▶ TASK STATEMENT: Of all the entries below, retype only the lines from the one with "Applique da parete" through the one with "Mesa cafetería baja", exactly as they appear.

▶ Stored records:
^^^^
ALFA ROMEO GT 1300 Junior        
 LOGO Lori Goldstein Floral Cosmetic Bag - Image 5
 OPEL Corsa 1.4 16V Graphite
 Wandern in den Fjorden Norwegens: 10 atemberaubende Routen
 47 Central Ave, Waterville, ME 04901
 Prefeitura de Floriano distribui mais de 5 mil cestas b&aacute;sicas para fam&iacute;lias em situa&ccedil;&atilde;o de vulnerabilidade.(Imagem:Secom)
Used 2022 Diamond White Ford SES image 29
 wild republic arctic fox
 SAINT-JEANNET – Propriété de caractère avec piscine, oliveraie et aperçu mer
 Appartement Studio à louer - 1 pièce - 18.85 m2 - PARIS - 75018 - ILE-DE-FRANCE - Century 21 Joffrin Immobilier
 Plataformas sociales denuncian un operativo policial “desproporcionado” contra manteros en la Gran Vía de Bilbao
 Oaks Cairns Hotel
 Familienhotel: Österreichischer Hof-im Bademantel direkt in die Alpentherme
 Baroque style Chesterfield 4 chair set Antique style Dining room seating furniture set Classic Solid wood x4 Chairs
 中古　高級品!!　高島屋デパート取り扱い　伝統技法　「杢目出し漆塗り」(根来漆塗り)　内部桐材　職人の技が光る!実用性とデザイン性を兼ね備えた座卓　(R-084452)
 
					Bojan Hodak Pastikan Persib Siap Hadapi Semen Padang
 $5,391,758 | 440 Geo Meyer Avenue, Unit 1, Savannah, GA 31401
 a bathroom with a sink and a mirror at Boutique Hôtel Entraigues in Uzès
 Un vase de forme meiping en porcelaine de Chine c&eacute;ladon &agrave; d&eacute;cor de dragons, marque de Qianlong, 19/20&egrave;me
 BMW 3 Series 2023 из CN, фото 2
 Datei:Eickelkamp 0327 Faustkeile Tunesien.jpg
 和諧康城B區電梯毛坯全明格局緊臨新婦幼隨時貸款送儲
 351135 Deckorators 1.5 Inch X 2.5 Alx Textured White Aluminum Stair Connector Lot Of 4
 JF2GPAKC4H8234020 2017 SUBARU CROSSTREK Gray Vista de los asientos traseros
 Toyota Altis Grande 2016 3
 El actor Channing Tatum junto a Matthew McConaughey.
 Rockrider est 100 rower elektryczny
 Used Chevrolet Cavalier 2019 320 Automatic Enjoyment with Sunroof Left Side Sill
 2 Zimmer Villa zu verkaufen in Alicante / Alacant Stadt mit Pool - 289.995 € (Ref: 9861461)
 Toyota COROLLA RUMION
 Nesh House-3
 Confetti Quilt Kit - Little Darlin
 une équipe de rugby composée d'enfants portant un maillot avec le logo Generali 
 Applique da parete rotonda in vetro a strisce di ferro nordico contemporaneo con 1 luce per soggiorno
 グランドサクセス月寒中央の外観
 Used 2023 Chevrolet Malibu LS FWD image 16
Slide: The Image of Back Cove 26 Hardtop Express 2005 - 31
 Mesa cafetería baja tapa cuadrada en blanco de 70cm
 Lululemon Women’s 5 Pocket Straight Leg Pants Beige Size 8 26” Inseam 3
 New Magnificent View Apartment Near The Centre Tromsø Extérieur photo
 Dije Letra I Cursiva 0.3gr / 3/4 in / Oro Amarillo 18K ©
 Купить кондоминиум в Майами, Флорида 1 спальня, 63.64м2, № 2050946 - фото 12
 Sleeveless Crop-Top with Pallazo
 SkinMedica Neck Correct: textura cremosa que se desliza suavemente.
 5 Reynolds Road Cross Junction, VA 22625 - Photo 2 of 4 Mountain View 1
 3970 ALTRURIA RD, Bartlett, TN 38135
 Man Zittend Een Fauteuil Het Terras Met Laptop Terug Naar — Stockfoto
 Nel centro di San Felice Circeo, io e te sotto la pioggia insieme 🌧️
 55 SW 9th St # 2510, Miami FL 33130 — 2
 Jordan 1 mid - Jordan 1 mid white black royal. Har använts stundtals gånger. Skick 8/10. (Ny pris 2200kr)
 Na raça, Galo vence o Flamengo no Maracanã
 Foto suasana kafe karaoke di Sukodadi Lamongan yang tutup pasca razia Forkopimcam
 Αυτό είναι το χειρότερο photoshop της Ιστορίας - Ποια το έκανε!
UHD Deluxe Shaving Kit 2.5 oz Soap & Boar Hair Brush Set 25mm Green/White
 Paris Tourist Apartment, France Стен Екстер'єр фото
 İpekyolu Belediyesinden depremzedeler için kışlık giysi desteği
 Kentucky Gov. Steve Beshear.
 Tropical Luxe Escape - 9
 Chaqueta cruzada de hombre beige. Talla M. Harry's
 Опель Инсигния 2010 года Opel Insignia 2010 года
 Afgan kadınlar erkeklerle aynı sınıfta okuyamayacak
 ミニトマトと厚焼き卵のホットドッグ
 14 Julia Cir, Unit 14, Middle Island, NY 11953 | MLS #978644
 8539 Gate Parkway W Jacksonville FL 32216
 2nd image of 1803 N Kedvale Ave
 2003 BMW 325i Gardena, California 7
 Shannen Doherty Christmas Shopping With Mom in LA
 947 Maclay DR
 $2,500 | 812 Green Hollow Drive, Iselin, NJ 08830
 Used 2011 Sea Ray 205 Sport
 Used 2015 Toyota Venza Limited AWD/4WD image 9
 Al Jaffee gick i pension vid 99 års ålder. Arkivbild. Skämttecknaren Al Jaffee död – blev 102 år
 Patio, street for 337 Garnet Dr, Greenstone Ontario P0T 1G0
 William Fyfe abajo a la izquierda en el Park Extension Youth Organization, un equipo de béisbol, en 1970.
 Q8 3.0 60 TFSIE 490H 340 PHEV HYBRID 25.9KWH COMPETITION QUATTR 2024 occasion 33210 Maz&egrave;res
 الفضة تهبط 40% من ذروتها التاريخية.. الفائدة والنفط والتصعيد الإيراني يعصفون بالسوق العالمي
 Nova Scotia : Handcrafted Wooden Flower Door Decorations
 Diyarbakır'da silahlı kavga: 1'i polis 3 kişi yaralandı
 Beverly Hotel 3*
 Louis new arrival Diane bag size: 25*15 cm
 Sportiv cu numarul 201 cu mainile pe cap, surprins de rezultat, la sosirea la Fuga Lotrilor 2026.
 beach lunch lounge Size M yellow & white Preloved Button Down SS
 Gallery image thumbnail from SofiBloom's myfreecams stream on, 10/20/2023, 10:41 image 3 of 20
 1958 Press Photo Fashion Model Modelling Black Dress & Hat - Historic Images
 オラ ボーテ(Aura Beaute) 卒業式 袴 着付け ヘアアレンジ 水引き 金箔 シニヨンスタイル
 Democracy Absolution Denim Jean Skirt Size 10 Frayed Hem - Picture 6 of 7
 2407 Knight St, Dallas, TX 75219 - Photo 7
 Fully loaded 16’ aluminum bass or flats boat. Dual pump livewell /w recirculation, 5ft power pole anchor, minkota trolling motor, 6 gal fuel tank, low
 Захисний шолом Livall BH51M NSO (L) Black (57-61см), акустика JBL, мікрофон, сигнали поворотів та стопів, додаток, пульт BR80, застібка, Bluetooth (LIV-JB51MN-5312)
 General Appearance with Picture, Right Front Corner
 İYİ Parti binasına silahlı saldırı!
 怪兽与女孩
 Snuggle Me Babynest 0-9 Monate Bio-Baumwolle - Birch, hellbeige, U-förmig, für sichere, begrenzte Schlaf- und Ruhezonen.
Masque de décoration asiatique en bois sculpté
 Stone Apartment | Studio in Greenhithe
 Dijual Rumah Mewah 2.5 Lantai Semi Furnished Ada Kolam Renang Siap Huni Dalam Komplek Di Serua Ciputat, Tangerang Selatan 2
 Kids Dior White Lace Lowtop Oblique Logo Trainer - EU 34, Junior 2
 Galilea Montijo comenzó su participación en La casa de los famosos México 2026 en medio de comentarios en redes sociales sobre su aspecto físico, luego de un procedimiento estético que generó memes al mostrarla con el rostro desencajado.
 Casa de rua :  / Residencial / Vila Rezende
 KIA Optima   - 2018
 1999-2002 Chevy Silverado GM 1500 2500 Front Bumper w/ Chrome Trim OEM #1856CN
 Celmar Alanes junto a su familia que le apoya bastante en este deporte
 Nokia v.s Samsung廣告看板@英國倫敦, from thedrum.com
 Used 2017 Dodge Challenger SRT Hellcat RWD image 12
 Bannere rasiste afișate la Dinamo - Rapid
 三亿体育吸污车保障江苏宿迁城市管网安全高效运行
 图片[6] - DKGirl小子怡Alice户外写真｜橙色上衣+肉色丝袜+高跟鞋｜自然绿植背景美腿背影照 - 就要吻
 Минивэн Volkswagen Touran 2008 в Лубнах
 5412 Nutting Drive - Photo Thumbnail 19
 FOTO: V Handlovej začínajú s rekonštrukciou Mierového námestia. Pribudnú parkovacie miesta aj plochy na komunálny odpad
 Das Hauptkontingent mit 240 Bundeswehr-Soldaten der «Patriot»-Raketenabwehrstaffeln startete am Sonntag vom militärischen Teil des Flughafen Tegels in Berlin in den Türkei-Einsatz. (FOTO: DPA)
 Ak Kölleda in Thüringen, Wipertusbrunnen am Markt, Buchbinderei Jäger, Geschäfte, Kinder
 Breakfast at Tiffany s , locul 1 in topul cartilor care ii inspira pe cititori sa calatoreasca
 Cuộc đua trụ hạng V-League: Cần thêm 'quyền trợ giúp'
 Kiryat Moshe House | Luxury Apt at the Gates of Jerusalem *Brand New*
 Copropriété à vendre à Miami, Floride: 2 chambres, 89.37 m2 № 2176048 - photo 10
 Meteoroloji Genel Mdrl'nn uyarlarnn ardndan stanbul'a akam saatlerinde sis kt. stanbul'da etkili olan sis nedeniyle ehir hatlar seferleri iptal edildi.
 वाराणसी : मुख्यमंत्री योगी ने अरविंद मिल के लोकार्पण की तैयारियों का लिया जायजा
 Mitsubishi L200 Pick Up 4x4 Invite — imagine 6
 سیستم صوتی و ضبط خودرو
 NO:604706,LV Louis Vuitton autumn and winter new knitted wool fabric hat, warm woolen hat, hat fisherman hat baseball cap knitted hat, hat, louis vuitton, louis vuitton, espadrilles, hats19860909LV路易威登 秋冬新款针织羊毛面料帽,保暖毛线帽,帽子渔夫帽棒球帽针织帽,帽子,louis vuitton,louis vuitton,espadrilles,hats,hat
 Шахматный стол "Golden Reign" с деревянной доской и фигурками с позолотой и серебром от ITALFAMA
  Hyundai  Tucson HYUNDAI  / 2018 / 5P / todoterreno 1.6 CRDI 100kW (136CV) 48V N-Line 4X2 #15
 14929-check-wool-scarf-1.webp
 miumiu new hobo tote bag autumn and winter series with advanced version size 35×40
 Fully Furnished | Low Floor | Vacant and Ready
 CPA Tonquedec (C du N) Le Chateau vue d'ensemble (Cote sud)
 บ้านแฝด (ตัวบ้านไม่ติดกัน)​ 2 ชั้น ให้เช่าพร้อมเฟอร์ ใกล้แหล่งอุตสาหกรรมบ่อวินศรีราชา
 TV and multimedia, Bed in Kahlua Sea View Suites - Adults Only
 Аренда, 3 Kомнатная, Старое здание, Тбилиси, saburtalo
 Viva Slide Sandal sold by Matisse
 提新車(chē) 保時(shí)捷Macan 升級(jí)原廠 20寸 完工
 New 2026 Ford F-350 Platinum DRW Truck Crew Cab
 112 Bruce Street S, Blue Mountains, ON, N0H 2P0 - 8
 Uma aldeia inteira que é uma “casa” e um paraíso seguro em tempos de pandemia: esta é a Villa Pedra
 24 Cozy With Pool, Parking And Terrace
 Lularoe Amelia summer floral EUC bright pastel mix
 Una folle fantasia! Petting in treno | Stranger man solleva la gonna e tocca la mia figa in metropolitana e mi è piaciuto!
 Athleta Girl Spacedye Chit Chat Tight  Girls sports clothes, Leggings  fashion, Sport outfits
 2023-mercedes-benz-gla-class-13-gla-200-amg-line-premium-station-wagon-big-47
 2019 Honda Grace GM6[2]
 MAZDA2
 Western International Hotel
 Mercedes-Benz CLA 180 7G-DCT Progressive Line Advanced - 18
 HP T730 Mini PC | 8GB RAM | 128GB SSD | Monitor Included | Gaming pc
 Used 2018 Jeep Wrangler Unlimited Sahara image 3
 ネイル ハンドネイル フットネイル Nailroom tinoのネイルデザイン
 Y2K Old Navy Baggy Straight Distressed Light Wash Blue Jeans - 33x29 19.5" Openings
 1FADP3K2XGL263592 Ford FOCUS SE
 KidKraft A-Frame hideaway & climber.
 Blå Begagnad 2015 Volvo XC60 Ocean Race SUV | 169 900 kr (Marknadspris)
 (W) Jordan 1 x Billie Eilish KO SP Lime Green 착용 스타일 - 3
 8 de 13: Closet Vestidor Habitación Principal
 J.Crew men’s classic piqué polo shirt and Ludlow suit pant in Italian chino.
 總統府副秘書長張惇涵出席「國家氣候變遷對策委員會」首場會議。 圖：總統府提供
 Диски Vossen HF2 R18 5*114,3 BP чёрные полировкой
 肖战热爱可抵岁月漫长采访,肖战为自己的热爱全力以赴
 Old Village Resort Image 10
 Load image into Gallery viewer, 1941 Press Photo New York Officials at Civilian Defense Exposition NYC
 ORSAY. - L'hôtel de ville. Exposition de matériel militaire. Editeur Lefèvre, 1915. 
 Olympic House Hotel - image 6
^^^^
▶ REPLY TO THE EXERCISE:
 Applique da parete rotonda in vetro a strisce di ferro nordico contemporaneo con 1 luce per soggiorno
 グランドサクセス月寒中央の外観
 Used 2023 Chevrolet Malibu LS FWD image 16
Slide: The Image of Back Cove 26 Hardtop Express 2005 - 31
 Mesa cafetería baja tapa cuadrada en blanco de 70cm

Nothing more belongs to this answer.